What we really wanted to do was to carve out a new inquiry space, a space we might both imaginatively inhabit, and to think about something we hadn’t ever thought about—really thought about—before.
We’d been friends and colleagues for a half-dozen years, working in subfields and interdisciplines that were productively overlapping and intertwined. We’d read each other’s manuscripts in draft, sat on conference panels together, given research talks at each other’s universities. Why not, we thought, write something, too? Wasn’t this sort of “high-risk, potentially high-reward” experiment, in the end, what tenure and promotion were supposed to support?
Our decision to focus on the inner life of hotels might seem rather whimsical, but it wasn’t. The truth is, we were looking for the right instrument, for an angle on contemporary life that we could use to materially anchor our ongoing conversations about modernity, power, and release, about race, class, gender, and globalization, about a whole lot of things. Getting to the hotel—and getting to that moment of realization at the ZaZa—took us a year or two of back-and-forth in the off hours.
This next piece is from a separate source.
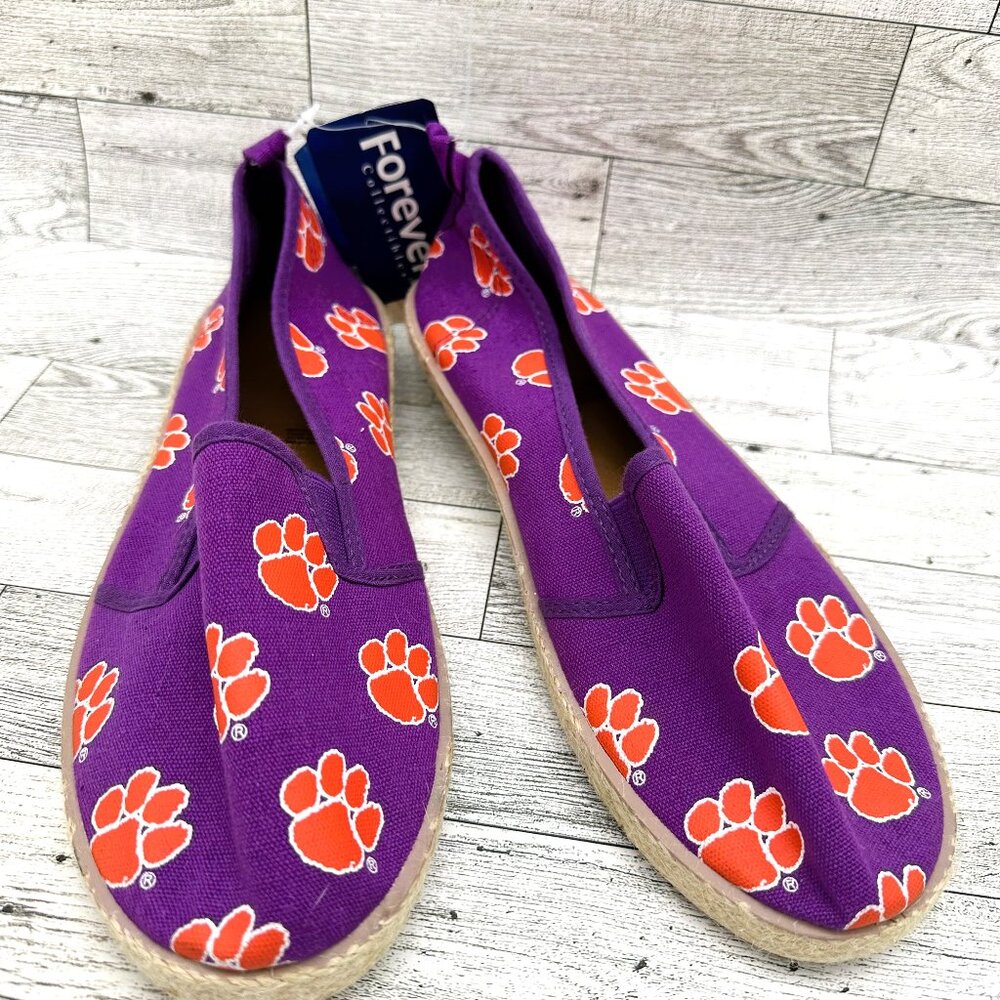 NWT Women's Forever‎ Collectibles Size Large Clemson Tigers Canvas Slip-on Shoes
Sitting down that day, ticking off on our fingers those points of shared concern, we finally got it; we simply looked around and recognized that we were surrounded by a weird, fascinating material object, with its own culture and politics, an object that could capture all of these dynamic points. A waitress brought us coffee with a flourish, and a small clutch of brown sugar nuggets appeared on the table, with a small silver spoon. Why not, we thought, try to write about all of that?
This notion of a third way—a collaborative identity that makes a distinctive contribution—is important. One of us is a literary critic, with published monographs on representations of gender, the transnational, and the global. The other is a historian of race and nation, with work in the nineteenth and twentieth century American and international contexts. At the early stages of our dreamtime, we tried to find a single project that matched up with something we’d both already done. But nothing grabbed our attention. Until that moment at the ZaZa, the moment when we decided to take a leap of faith in this untried but compelling idea of coauthorship and, not incidentally, when we decided that the interpretive field for such a venture needed to be somewhere conceptually beyond our respective intellectual comfort zones.
It turns out, looking backwards now, that this emphasis on a third way was a fairly radical exception. Coauthorship is a fairly normal practice in the social sciences and physical sciences, where collaborative work is the norm. But the same can’t be said for the humanities, where the very idea of modern authorship is singular, rooted in dominant ideas about creativity, provenance, and individual genius, and where “the book”—composed by the solitary scribe—is still help up as the gold standard.
This continued commitment to the singular, lone author is surprising—and, we think, counterproductive.